Marcus Christian Jensen (born December 14, 1972) is an American professional baseball player and coach. He played as a catcher for the San Francisco Giants, Detroit Tigers, Milwaukee Brewers, St. Louis Cardinals, Minnesota Twins, Boston Red Sox and Texas Rangers in Major League Baseball (MLB) from 1996 through 2002. After retiring as a player, Jensen coached and managed in the minor leagues. In 2015, he was the coach for the Oakland Athletics of MLB.

Playing career
Jensen attended Skyline High School in Oakland, California. The San Francisco Giants of Major League Baseball (MLB) selected Jensen in the first round, with the 33rd overall selection, of the 1990 MLB Draft. He made his MLB debut in 1996. Though he was labeled the Giants' "catcher of the future", he struggled, and was traded to the Detroit Tigers in July 1997 in exchange for Brian Johnson. He played for the Milwaukee Brewers in 1998, the St. Louis Cardinals in 1999, the Minnesota Twins in 2000, the Boston Red Sox and the Texas Rangers in 2001, and the Brewers in 2002.

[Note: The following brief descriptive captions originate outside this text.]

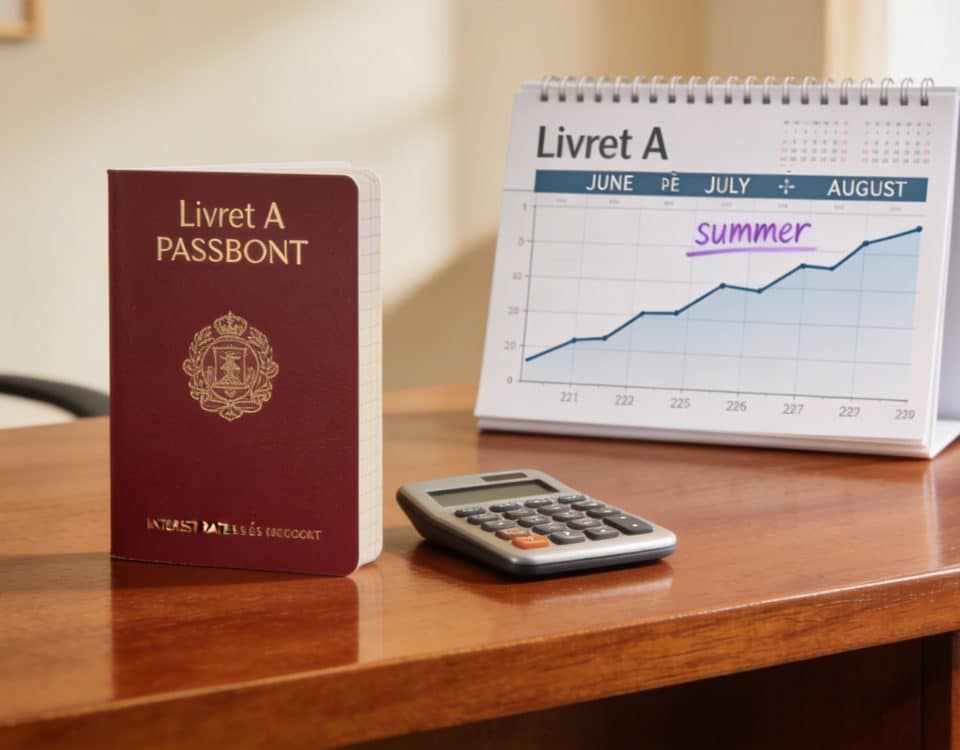 Livret A : une remontée du taux cet été est-elle vraiment possible ?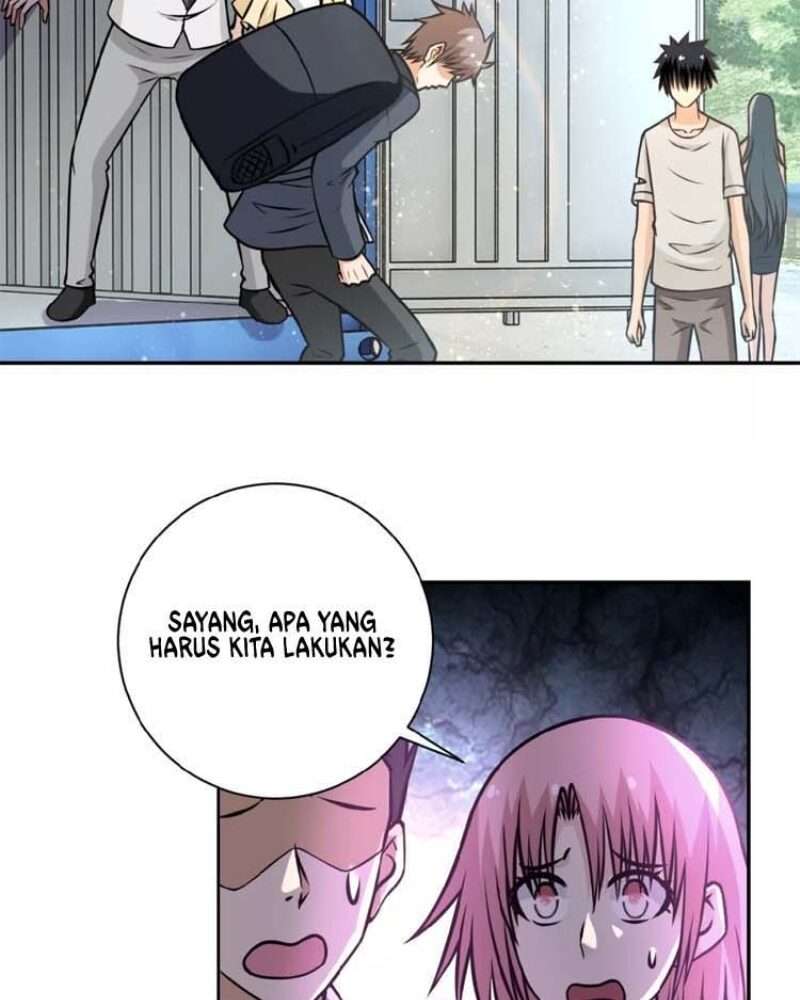 Rise of The Demon King Chapter 160 - halaman 46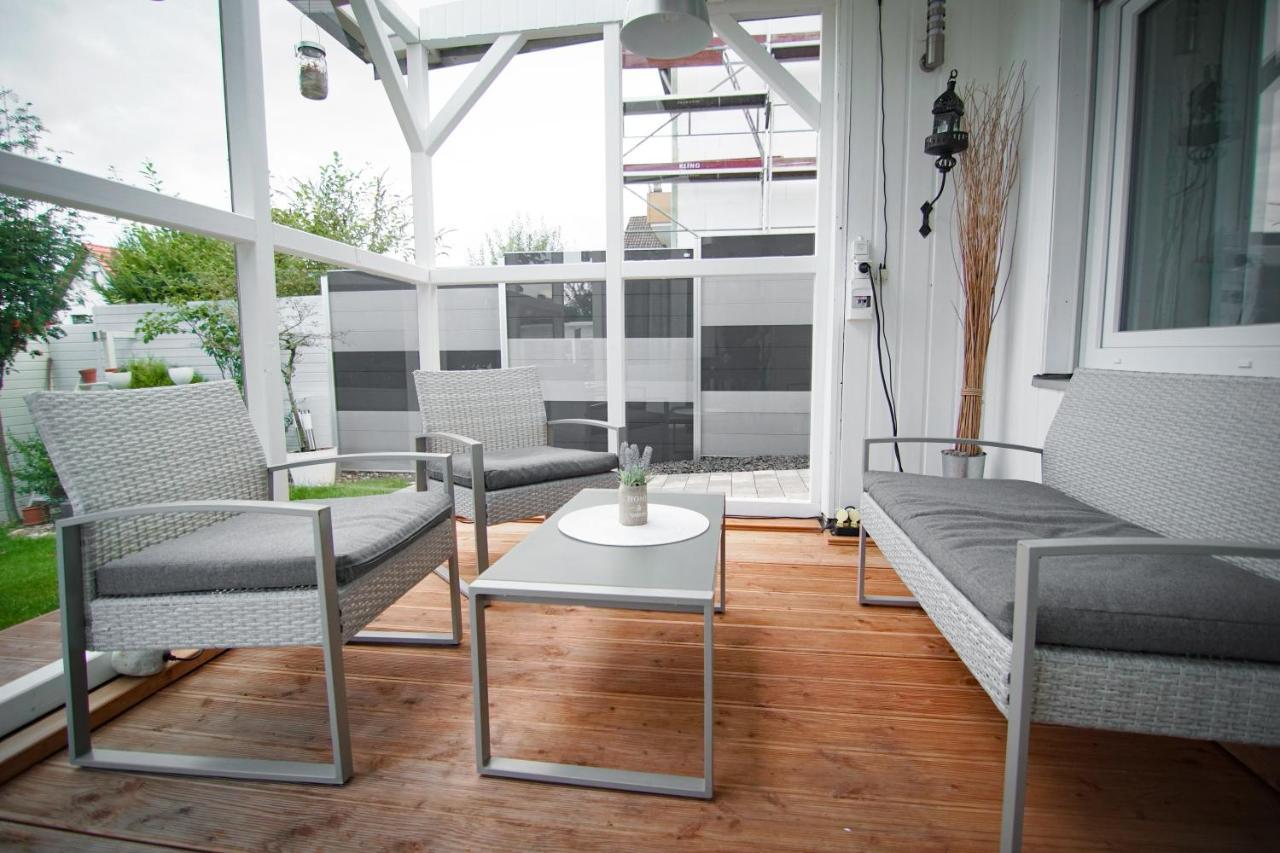 Ferienwohnung Schwarzwald Lodge เชิมแบร์ก ภายนอก รูปภาพ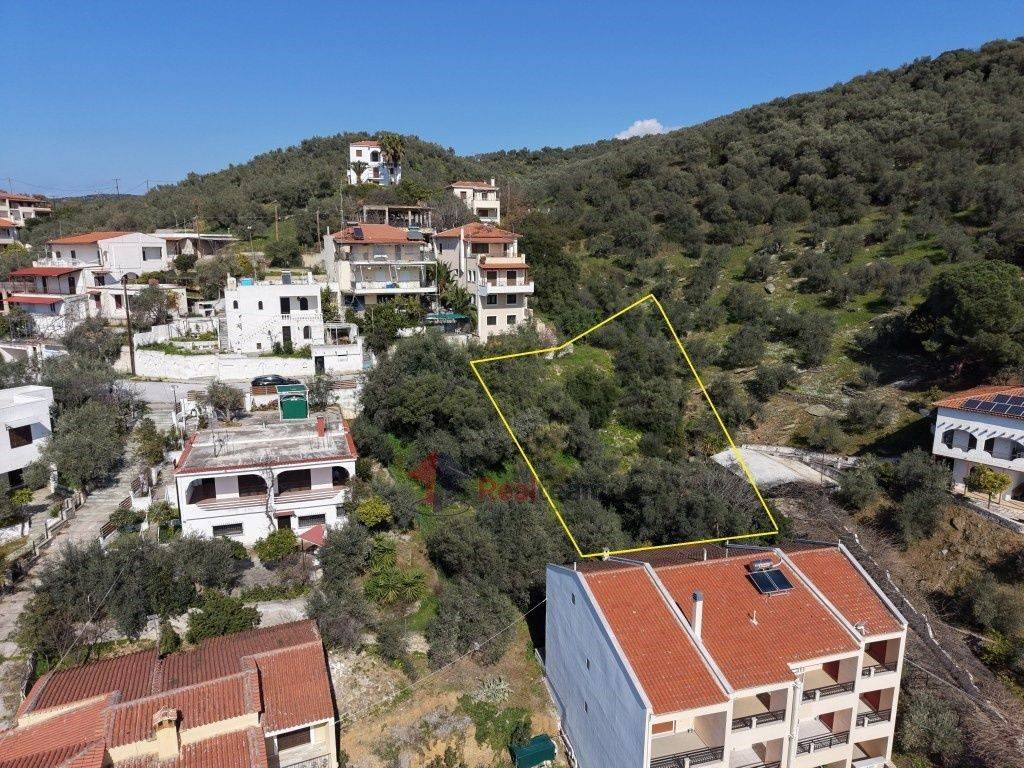 Εξωτερικοι χώροι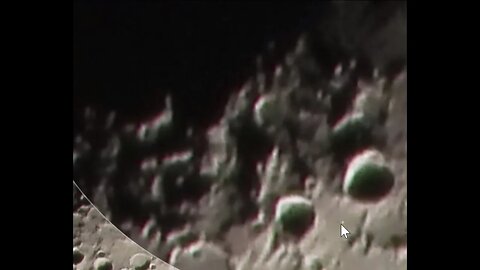 Talking to the Moon (January 2023 Recap)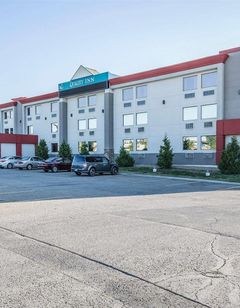 Quality Inn North Hill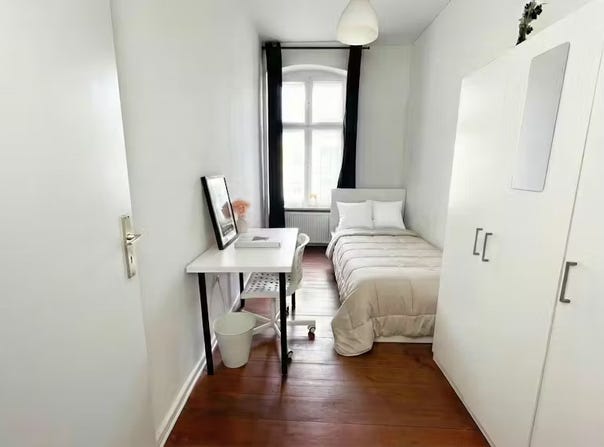 Heinrich-Roller-Straße, Berlin, Berlin 10405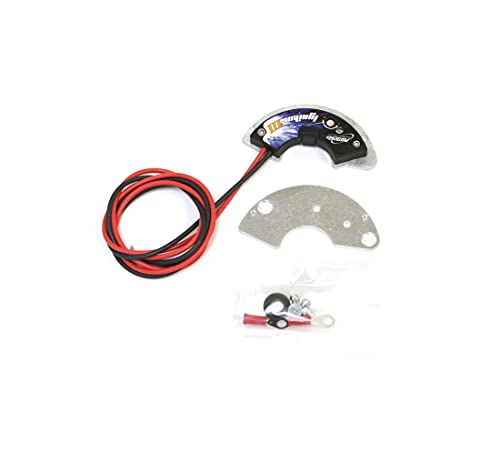 【中古】【未使用・未開封品】Pertronix 71181 イグニターIII アダプティブドウェルコントロール 複数のスパーク用 デジタルレブリミッターデルコ8シリンダー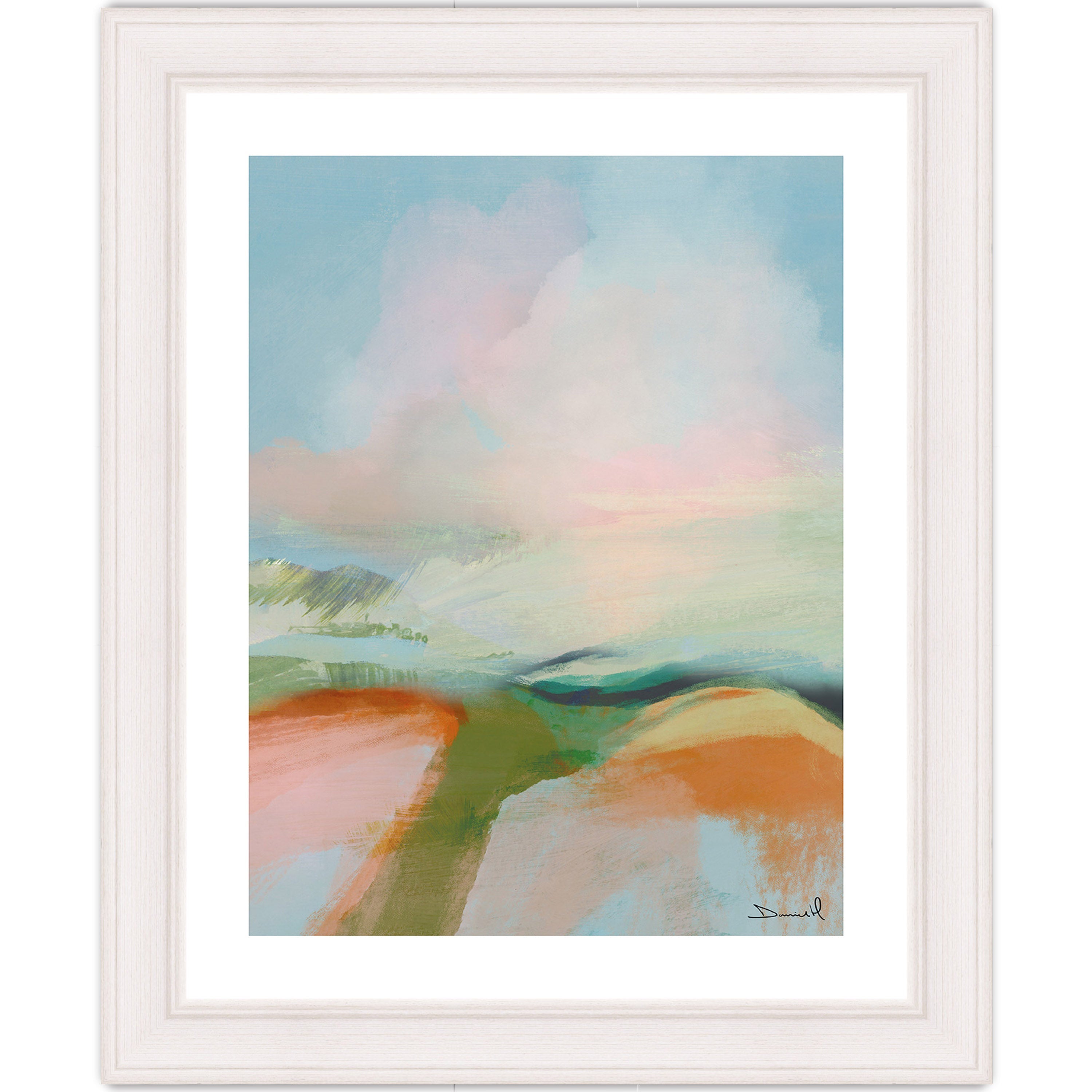 Peach Hills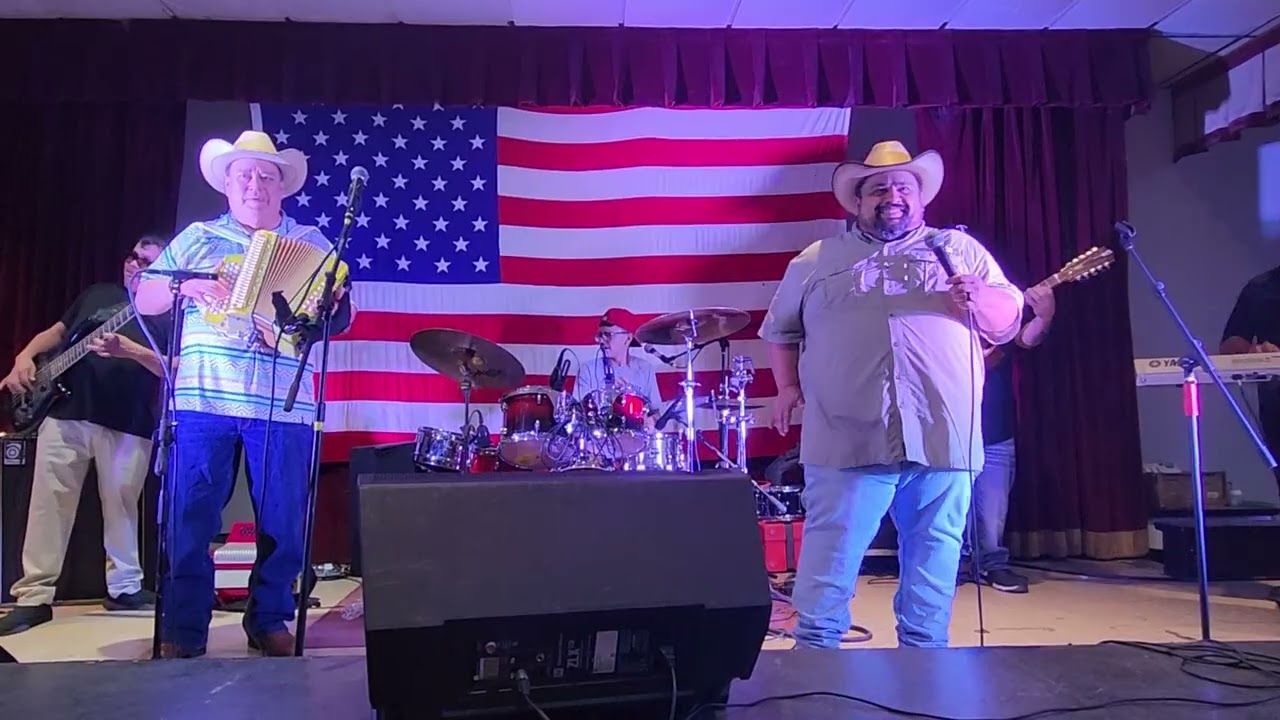 DLG & Chente Barrera @VFW 03-01-26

Jensen played for the United States national baseball team in the 1999 Pan American Games, and the 2000 Summer Olympics.

Jensen also spent time in the New York Yankees organization in 2003, the independent Golden Baseball League from 2005 to 2006.

Coaching career
In January 2007, Jensen retired as an active player to become a hitting coach in the Oakland Athletics organization. From 2009 through 2013, he was the manager of the Arizona Athletics of the Rookie-level Arizona League.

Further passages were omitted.